To start, I would suggest that it is usually good to be wary of statements that there is only one way to do something. Splitting an obtained sample into a "training" and a "testing" data set is a common approach in many machine learning/data science applications. Oftentimes, these modeling approaches are less interested in hypothesis testing about an underlying data generation process, which is to say they tend to be somewhat atheoretical. In fact, mostly these sorts of training/testing splits just want to see if the model is over-fitting in terms of predictive performance. Of course, it is also possible to use a training/testing approach to see if a given model replicates in terms of which parameters are "significant," or to see if the parameter estimates fall within expected ranges in both instances.
In theory, validating or invalidating models is what science, writ large, is supposed to be doing. Independent researchers, separately examining, generating, and testing hypotheses that support or refute arguments about a theory for why or under what circumstances an observable phenomenon occurs - that is the scientific enterprise in a nut shell (or at least in one overly long sentence). So to answer your question, to me, even training/testing splits are not "validating" a model. That is something that takes the weight of years of evidence amassed from multiple independent researchers studying the same set of phenomena.
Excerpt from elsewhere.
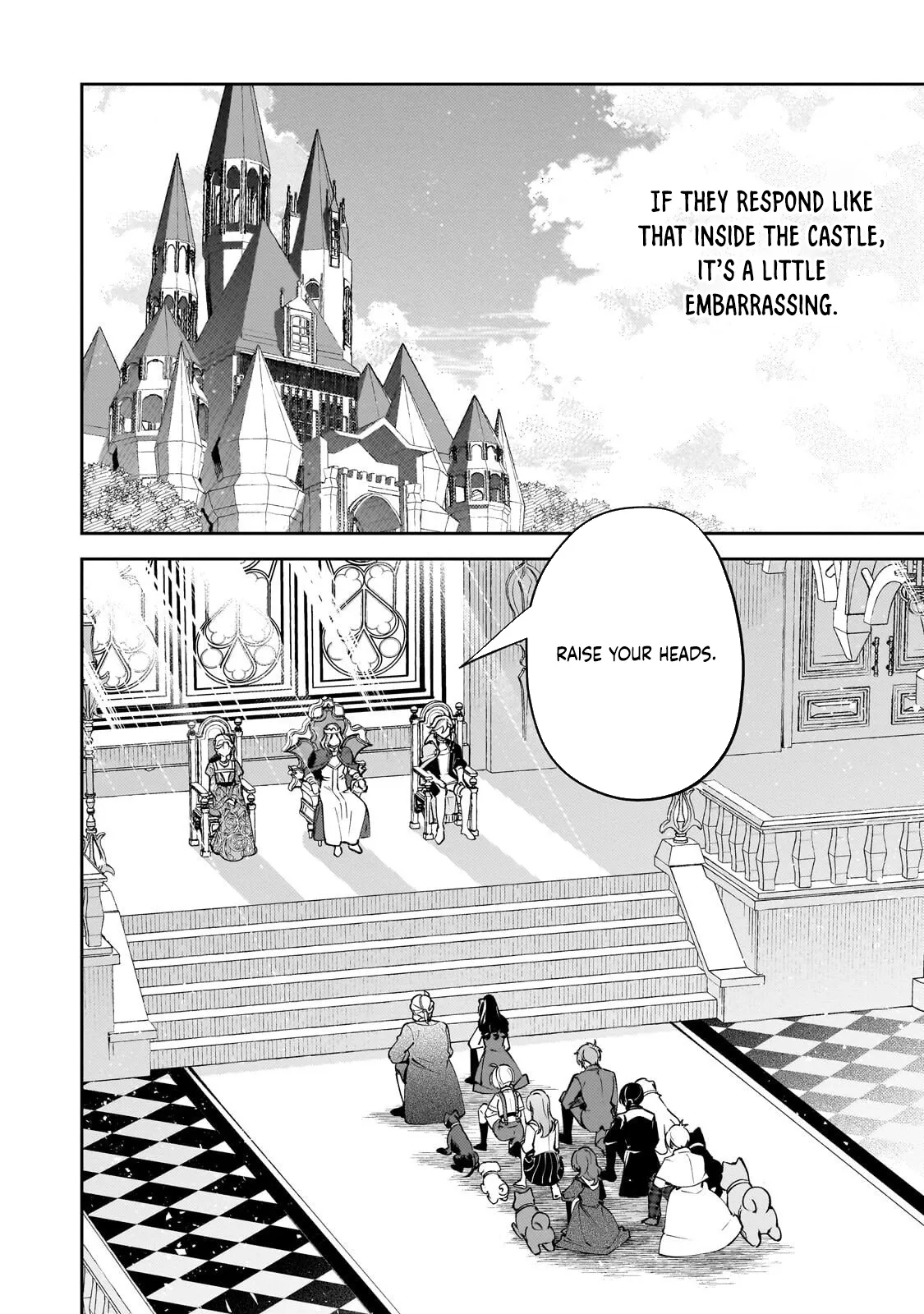 The Villainess of Evil and the Twelve Eyes Chapter 7 page 2 -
Though, I will grant that this take may be something of a difference in semantics about what I view model validation to mean versus what the term validation has come to mean in applied settings... but to get back to the root of your question more directly.
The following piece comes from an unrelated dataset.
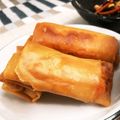 よちこ。's cooksnap of when they made ☺簡単♪サーモンのレモンマヨ焼き春巻き☺.
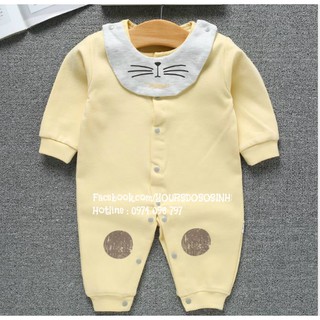 Body cotton đẹp cho bé - quần áo trẻ con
Depending on your data and modeling approach, it may not always be appropriate from a statistical standpoint to split your sample into training and testing sets. For instance, small samples may be particularly difficult to apply this approach to. Additionally, some distributions may have certain properties making them difficult to model even with relatively large samples. Your zero-inflated case likely fits this latter description. If the goal is to get at an approximation of the "truth" about a set of relations or underlying processes thought to account for some phenomenon, you will not be well-served by knowingly taking an under-powered approach to testing a given hypothesis. So perhaps the first step is to perform a power analysis to see if you would even be likely to replicate the finding of interest in your subsetted data. If it is not appropriately powered, that you could be an argument against the testing/training split.
Another option is to specify several models to see if they "better" explain the observed data. The goal here would be to identify the best model among a set of reasonable alternatives. This is a relative, not an absolute, argument you'd be making about your model. Essentially, you are admitting that there may be other models that could be posited to explain your data, but your model is the best of the tested set of alternatives (at least you hope so). All models in the set, including your hypothesized model, should be theoretically grounded; otherwise you run the risk of setting up a bunch of statistical straw men.
There are also Bayes Factors in which you can compute the weight of evidence your model provides, given your data, for a specific hypothesis relative to alternative scenarios.
This is far from an exhaustive list of options, but I hope it helps. I'll step down from the soapbox now. Just remember that every model in every published study about human behavior is incorrect. There are almost always relevant omitted variables, unmodeled interactions, imperfectly sampled populations, and just plain old sampling error at play obfuscating the underlying truth.